Quebec’s national library, Bibliothèque et Archives nationales du Québec (BAnQ), is embarking on an ambitious project to establish a comprehensive database of cultural and governmental content aimed at enhancing artificial intelligence (AI) systems’ understanding of Quebec’s diverse society, culture, and Indigenous languages. Following a successful feasibility study earlier this year, BAnQ has commenced the experimental phase of this innovative databank, which will initially focus on French and Indigenous languages.
Addressing Data Gaps in AI
The initiative arises from a growing concern that existing generative AI systems frequently lack reliable information about Quebec, due particularly to the scarcity of data pertinent to the province. Valérie D’Amour, who spearheaded the feasibility study, commented, “All scenarios are a little bit on the table right now. We have a lot of ideas and we want to validate the possibilities with cultural stakeholders, as well as with data owners and providers, who will be involved in the discussions.”
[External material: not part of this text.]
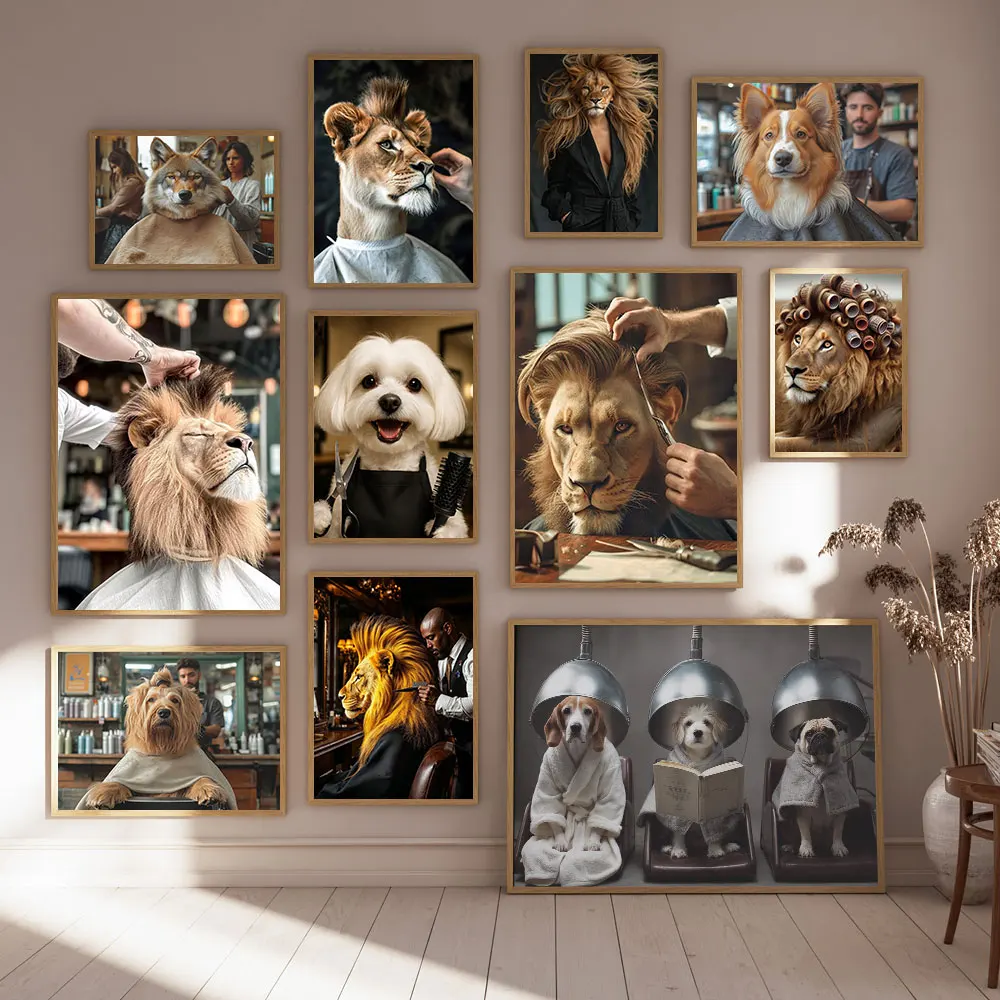 Divertido póster de salón de animales con diseño de perro y león, pintura en lienzo, impresiones de pared, regalo para peluquero, decoración para barbería y hogar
This project aims to create a repository of Quebec-centric references, which would ultimately ensure that AI models reflect the rich and varied tapestry of Quebec’s identity. Marie Grégoire, president and CEO of BAnQ, emphasised, “That means having Quebec references, whether in small models or large models, whether they come from research or from the business community.”
Learning from Global Initiatives
Similar projects have emerged in other regions, notably in Sweden, where extensive collections of Nordic-language texts have been curated to aid in the development of generative AI models. BAnQ intends to leverage its own holdings as a foundation before expanding to include external data sources. This initiative aligns with recommendations from a 2024 report by Quebec’s innovation council, which highlighted the urgent need for more substantial datasets related to Quebec for AI training.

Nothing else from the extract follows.